2014-04-28

Co.Labs

The Five Best Libraries For Building Data Visualizations

Starting out in data visualization can be a difficult thing to do. Here’s what you need to know.



An explosion in the number of available data sources and data-processing tools means that more people than ever are jumping into the world of data visualization. But with so much to learn, it can be intimidating to know just where to start. So which library is best, and what advice do the pros have? Read on and find out.

D3

Like telling the history of personal computers without mentioning Steve Jobs, it’s impossible to talk about data visualization without talking about D3. Arguably the most dominant and important programming library in the field, D3 (short for Data Driven Documents) is an open source JavaScript library usually used to generate SVG graphics. SVG is a vector image format long supported by web browsers, but also historically underutilized.

D3’s popularity owes a lot to the sudden interest in SVG by web designers—largely because vector graphics look superb on the kind of high-resolution screens (think Apple's Retina display), which are becoming increasingly common.
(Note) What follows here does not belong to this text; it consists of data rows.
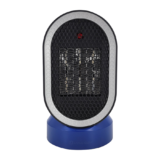 Living-GlowÂ® 600W Ceramic Portable Heater – Blue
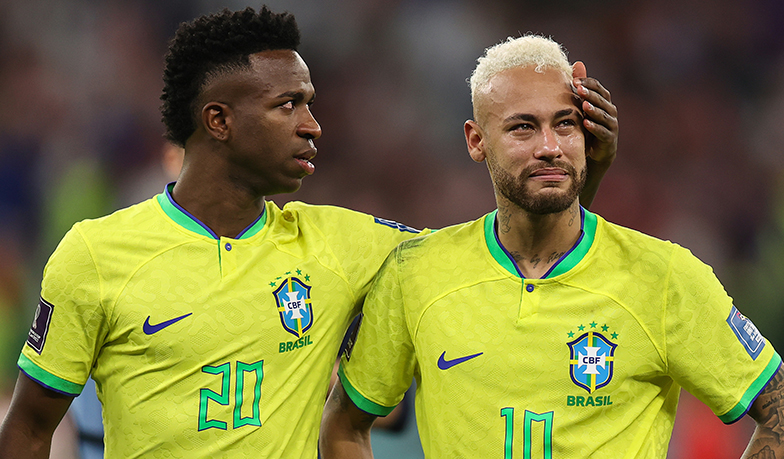 Foto: Neymar: Vinícius zasługuje na Złotą Piłkę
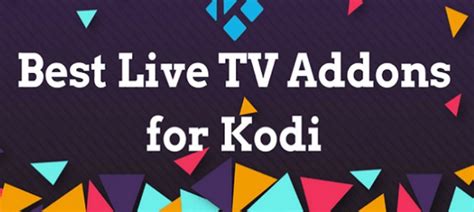 Best Kodi Live Tv Addons For 2023 4g Packages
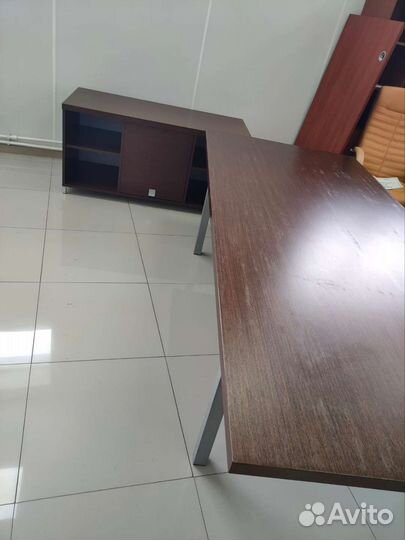 Комплект мебели, стол, тумба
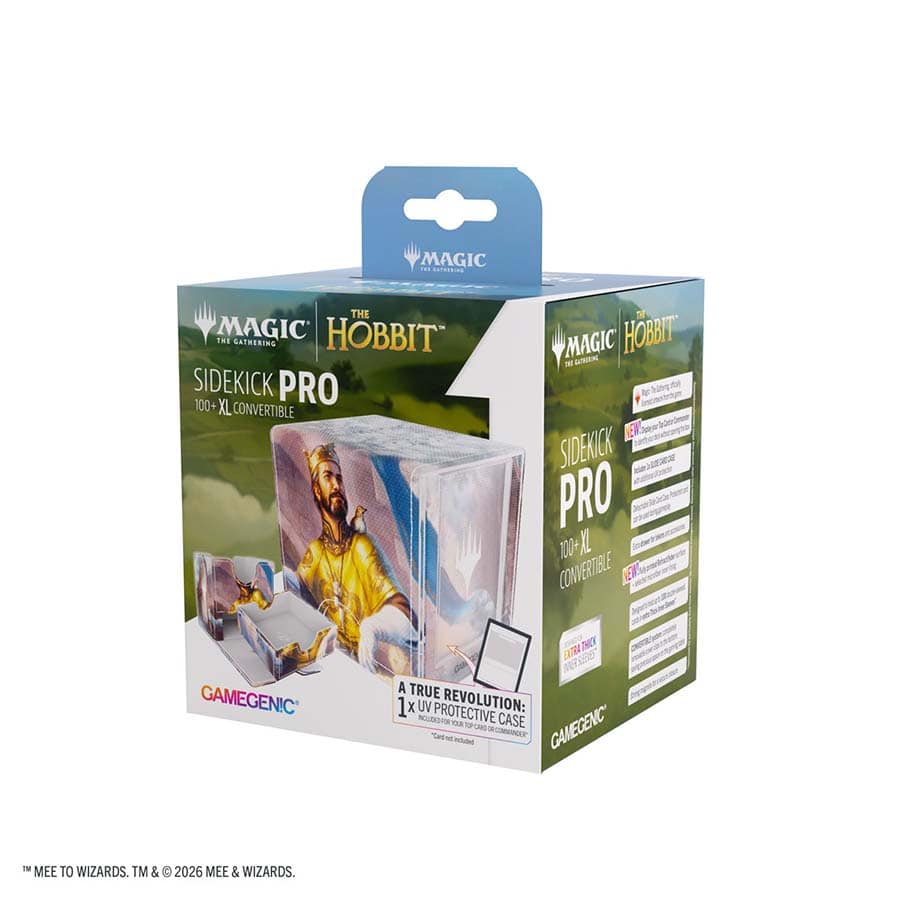 Gamegenic: Sidekick Pro 100+ XL Magic: The Gathering: The Hobbit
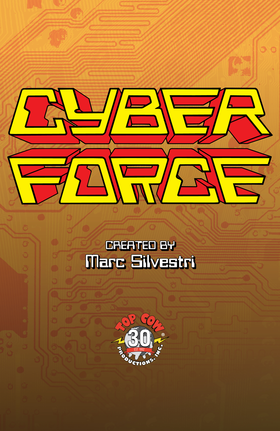 Read Cyber Force  1 Page 2 in English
"Let’s face it, for SVG-based data visualization, there is no other library that comes even close," says Moritz Stefaner, an independent data visualization authority and owner of Truth & Beauty. "There are also many interesting projects building on top of D3, such as NVD3, which provides ready-made, but very customizable standard chart components—or Crossfilter, an impressive data filtering engine.

Scott Murray, a code artist and author of the book Interactive Data Visualization for the Web, agrees with him. "D3 is extremely powerful, and its strength is that it leverages all that new browsers have to offer," he says. "The flip side of that is that if a browser doesn't support something—like three-dimensional rendering with WebGL—then D3 won’t support it either."

While D3 is a generalist library, it’s not perfect for everything, however. "The main downside to D3—if you can call it that—is that it doesn't dictate or even recommend any particular visual representation," Murray continues. "It really is a tool for loading data into the browser, and then generating DOM elements based on that data."

Vega

Although D3 is a powerful tool for custom visuals, if you want to make a standard chart without thinking too much about the visual design aspect, a tool like Vega could be for you. As a framework built on top of D3, Vega provides an alternate syntax for defining chart elements. With Vega you can describe data visualizations in a JSON format instead of writing D3/JavaScript code, and then generate interactive views using either HTML5 Canvas or SVG. This greatly simplifies the code involved, so your "time-to-chart" is much shorter—if that’s an issue that concerns you. It also makes visualizations far more reusable and shareable, while greatly improving platform flexibility.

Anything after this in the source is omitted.